Greenwald: White House leaks for propaganda film

http://www.salon.com/2012/05/23/wh_leaks_for_propaganda_film/singleton/

As is now well documented, the Obama administration has waged an unprecedented war on whistleblowers, prosecuting more of them under espionage statutes than all prior administrations combined: twice as many as all prior administrations combined, in fact. They are attempting, or have attempted, to imprison whistleblowers who exposed corrupt and illegal NSA eavesdropping, dangerously inept efforts to impede Iran’s nuclear program (which likely strengthened it), the destructive uses of torture, and a litany of previously unknown U.S.-caused civilian deaths and other American war crimes.
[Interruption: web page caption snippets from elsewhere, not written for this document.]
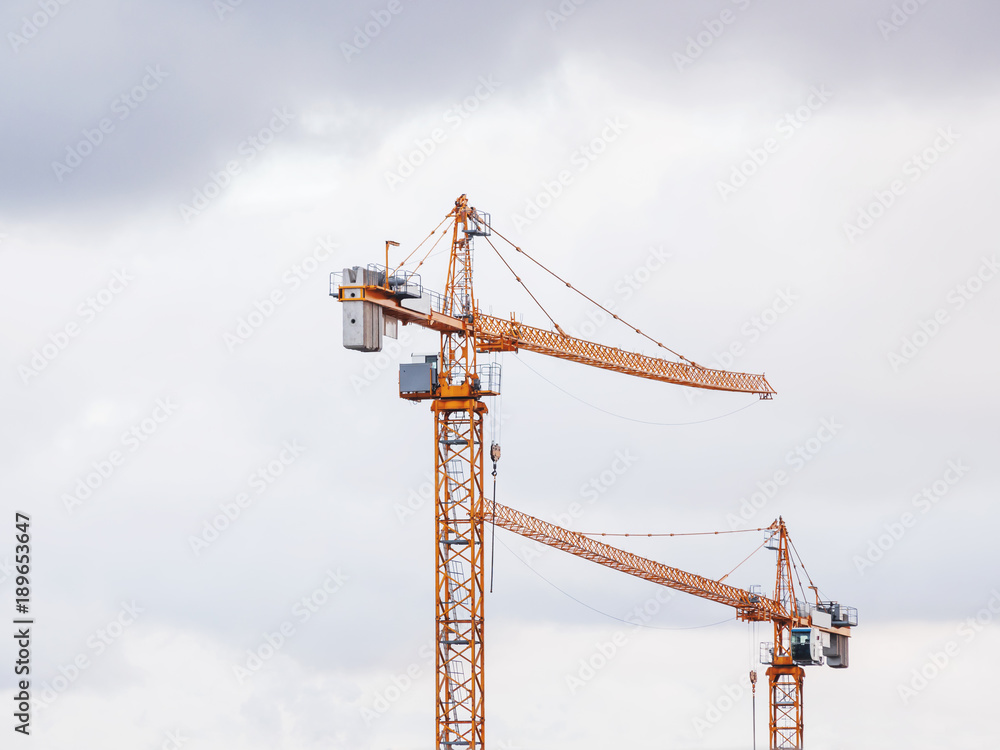Pair of construction cranes on cloudy sky background. Industrial machinery.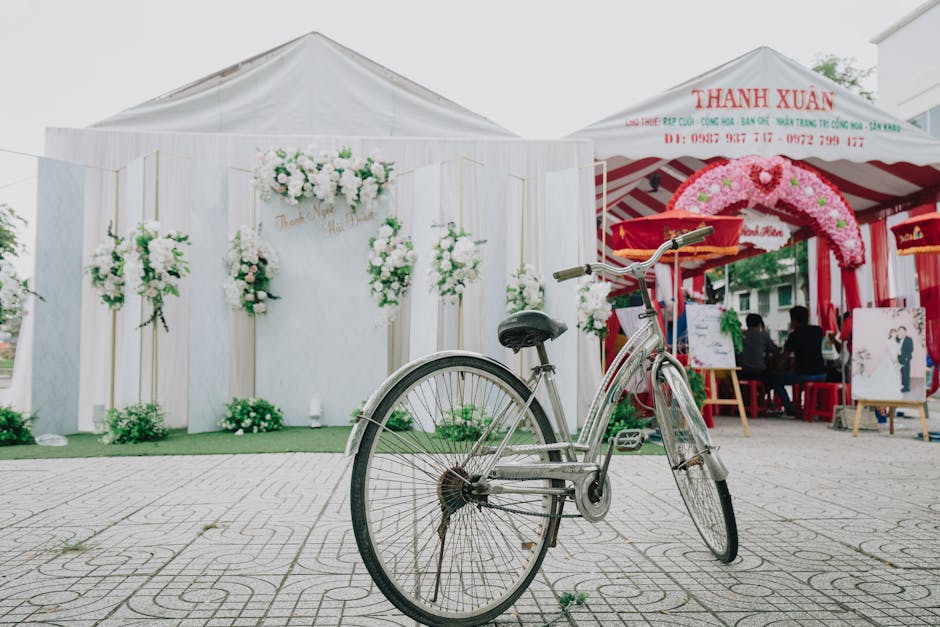 A bicycle parked outside a colorful wedding venue adorned with floral decorations, capturing a festive outdoor celebration. photobooth en exterieur 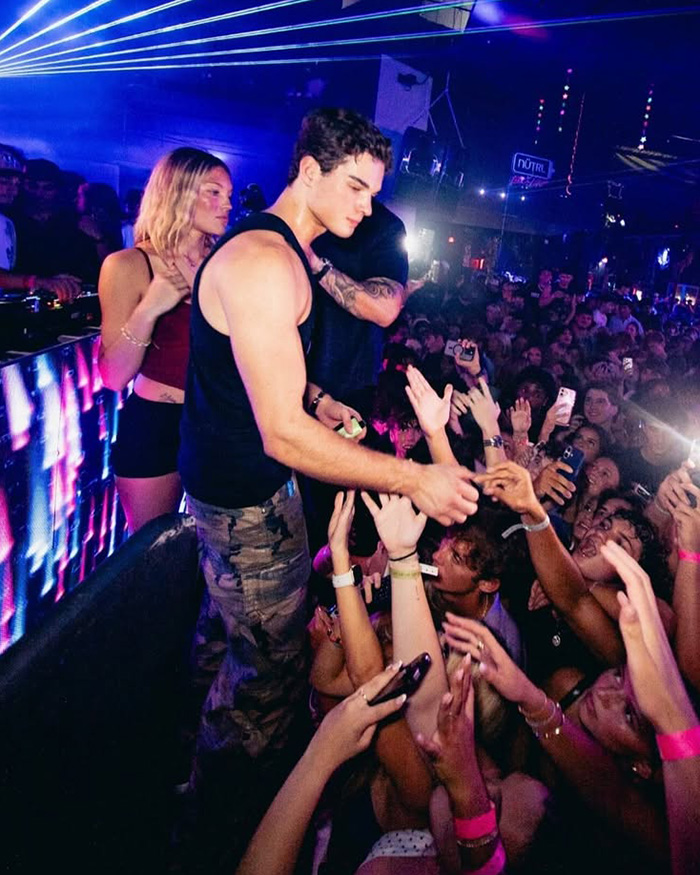 Looksmaxxing Influencer Clavicular reaching out to fans at a crowded nightclub event Looksmaxxing Influencer Clavicular reaching out to fans at a crowded nightclub event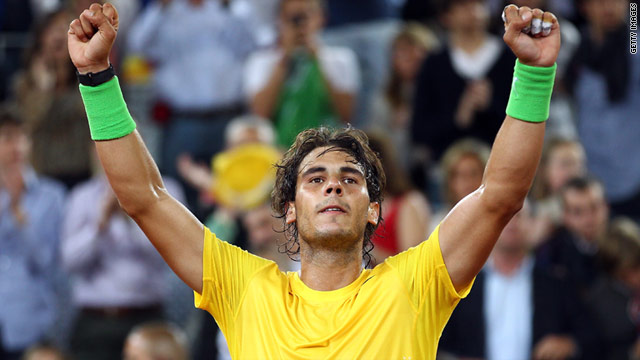 Rafael Nadal celebrates defeating Roger Federer in their semifinal meeting at the Madrid Masters on Saturday.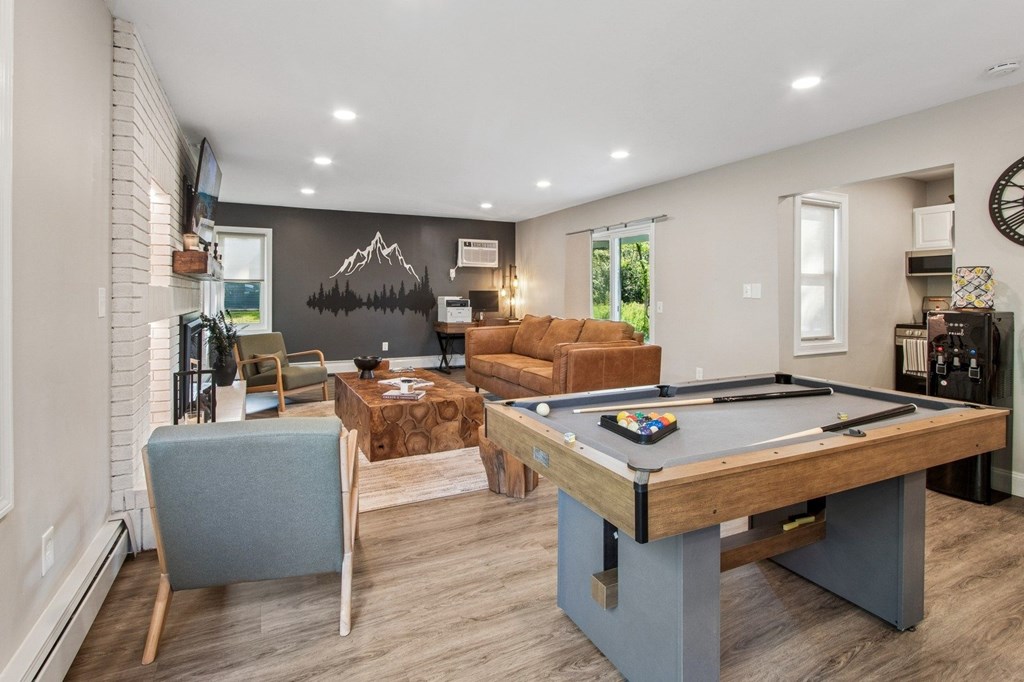 A room with a pool table and a couch.
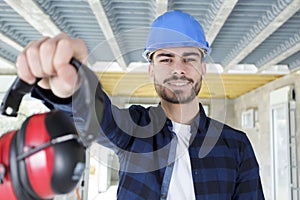 male working proffering ear defenders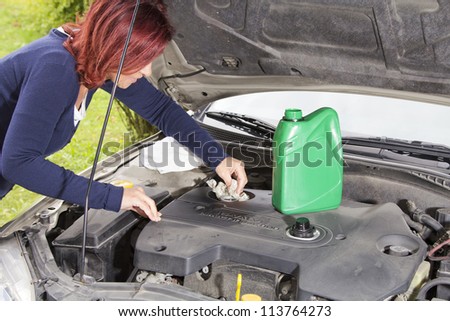 Car maintenance-Woman is cleaning car motor cover after adding oil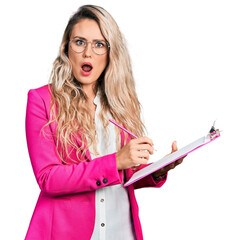 Young blonde woman writing on clipboard in shock face, looking skeptical and sarcastic, surprised...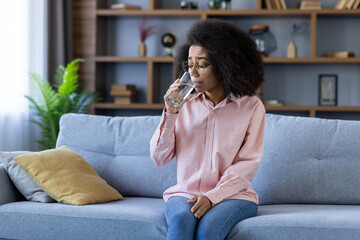 Wall Mural - Young woman sits on a cozy sofa while drinking water in a modern living room setting, showcasing a casual and relaxed moment.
But there’s one type of leak of classified information that the White House not only approves of but itself routinely exploits: the type that glorifies the President for propagandistic ends. The transparency group Judicial Watch brought FOIA lawsuits against the administration seeking information regarding the Osama bin Laden raid, but the administration insisted in federal court that the operation is secret and thus not subject to disclosure (even as they were leaking details about the raid to the press).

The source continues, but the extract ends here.